As part of a patient- and family-oriented approach, the doctor communicates information in a way that meets the needs of the patient and his or her loved ones. These needs are determined based on the cultural, spiritual, and religious beliefs of the patients and their relatives, as well as the traditions they adhere to. When reporting information with this in mind, the doctor must make sure that the patient has understood it correctly, as well as show empathy (Gilbert et al., 2020). This is the difference between this approach and a purely emotional one, characterized by the fact that the doctor emphasizes the sad nature of the news and shows sympathy and empathy in excess (Haarbrandt et al., 2018). This approach is the least encouraging for the patient and hinders the effective exchange of information.

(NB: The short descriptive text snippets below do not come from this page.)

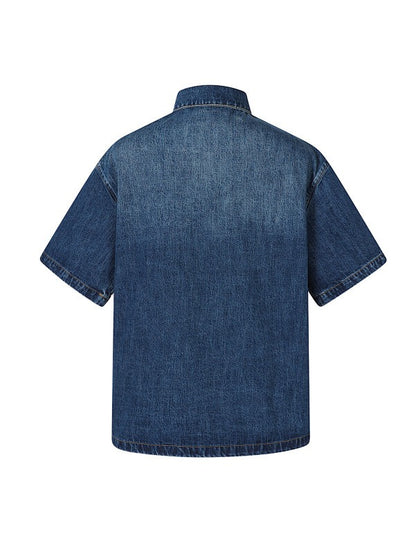 Classic Solid Logo Denim Short Sleeve Shirt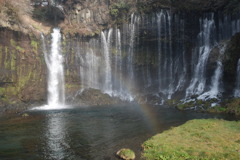 白糸の滝にかかる虹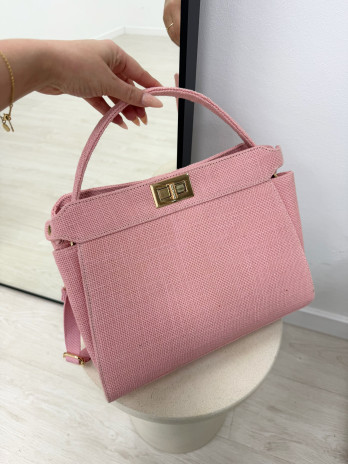 BOLSO KELLY RAFIA - ROSA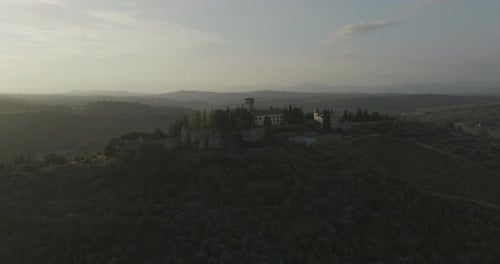 Aerial view Tuscany countryside, Italy.
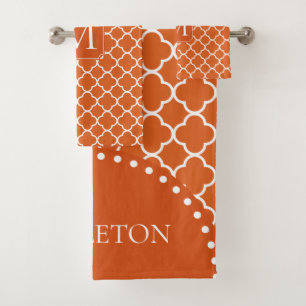 Dark Orange Quatrefoil - Monogram Bath Towel Set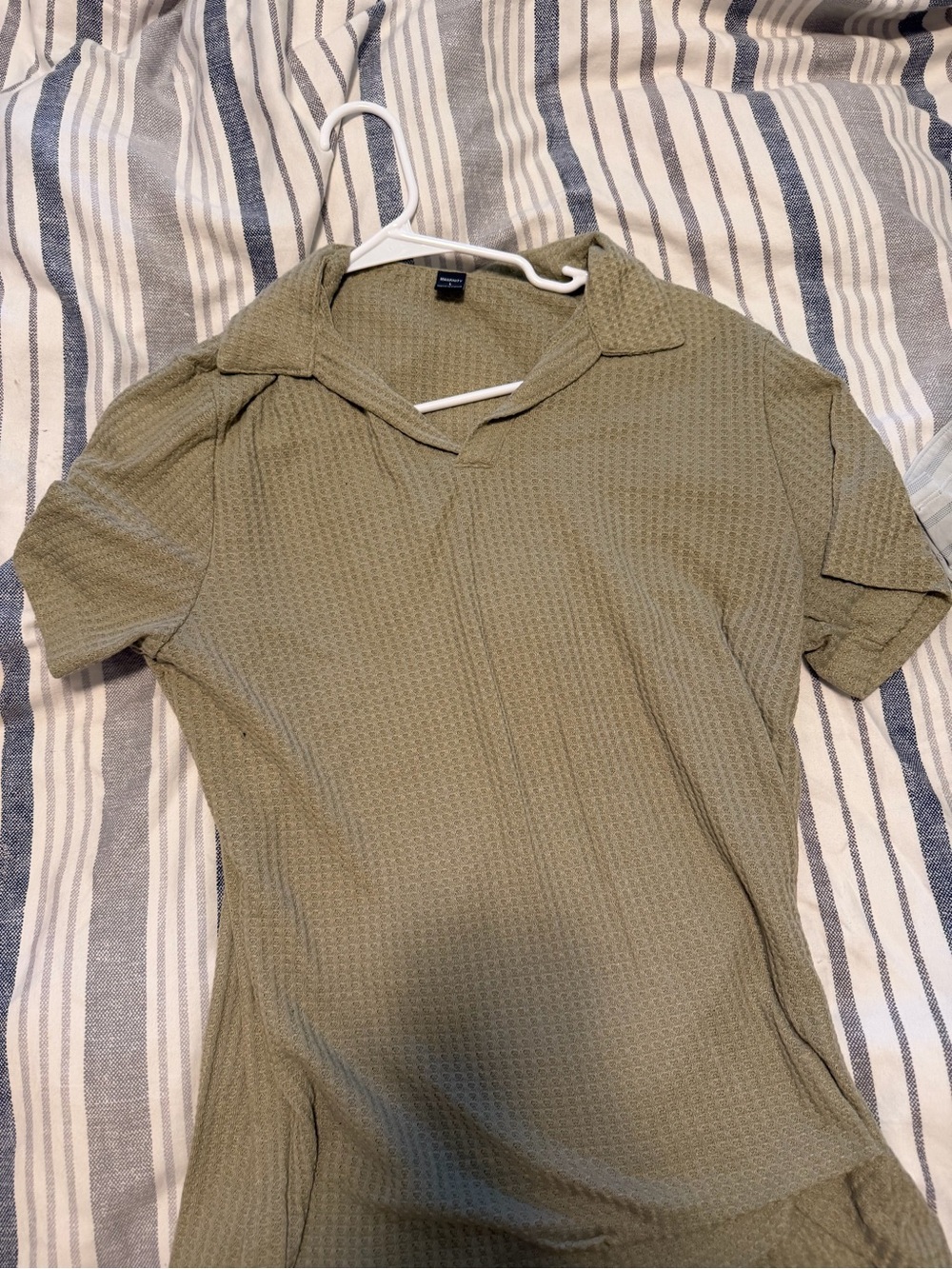 Olive Green Polo-Style Knit Top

When doctors are uncomfortable reporting bad news, they may avoid discussing disturbing information, such as a poor prognosis, or convey unjustified optimism to the patient. A plan for determining the patient’s life values, and desires for participation in decision-making, as well as strategies for drawing attention to the patient’s experiences, can increase the doctor’s confidence in reporting unfavorable medical information. It can also push the patient to participate in making difficult treatment decisions, especially when there is a low probability that antitumor therapy will be effective. Finally, doctors who will experience less anxiety when reporting bad news will be less susceptible to stress and emotional burnout.
References
Mikalef P, Boura M, Lekakos G, Krogstie J. Big Data Analytics and Firm Performance: Findings from a mixed-method approach. Journal of Business Research. 2019; 98:261–76.

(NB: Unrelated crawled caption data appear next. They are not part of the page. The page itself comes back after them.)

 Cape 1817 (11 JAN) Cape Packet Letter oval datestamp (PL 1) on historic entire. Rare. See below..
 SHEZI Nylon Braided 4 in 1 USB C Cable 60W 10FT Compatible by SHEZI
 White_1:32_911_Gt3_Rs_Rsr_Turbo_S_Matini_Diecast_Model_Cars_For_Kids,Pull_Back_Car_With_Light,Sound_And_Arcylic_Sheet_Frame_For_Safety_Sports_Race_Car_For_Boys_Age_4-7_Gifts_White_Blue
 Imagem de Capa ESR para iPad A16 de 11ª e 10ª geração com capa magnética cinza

Farokhzadian J, Dehghan Nayeri N, Borhani F. The long way ahead to achieve an effective patient safety culture: Challenges perceived by nurses – BMC Health Services Research [Internet]. BioMed Central. BioMed Central; 2018 [2022]. Web.
Gilbert AW, Billany JCT, Adam R, Martin L, Tobin R, Bagdai S, et al. Rapid implementation of virtual clinics due to COVID-19: Report and early evaluation of a Quality Improvement initiative [Internet]. BMJ Open Quality. British Medical Journal Publishing Group; 2020. Web.
Haarbrandt, B., Schreiweis, B., Rey, S., Sax, U., Scheithauer, S., Rienhoff, O., et al. (2018). HiGHmed – an open platform approach to enhance care and research across institutional boundaries. Methods of Information in Medicine. Web.
Manita R. (2019). The digital transformation of External Audit and its impact on corporate governance. Technological Forecasting and Social Change. Web.
Reddy, S., Allan, S., Coghlan, S., & Cooper, P. (2019). A governance model for the application of AI in health care. Journal of the American Medical Informatics Association, 27(3), 491–497. Web.
Zhou, J., Sun, H., Wang, Z., Cong, W., Wang, J., Zeng, M., Zhou, W., Bie, P., Liu, L., Wen, T., Han, G., Wang, M., Liu, R., Lu, L., Ren, Z., Chen, M., Zeng, Z., Liang, P., Liang, C., … Fan, J. (2020). Guidelines for the diagnosis and treatment of hepatocellular carcinoma (2019 edition). Liver Cancer, 9(6), 682–720. Web.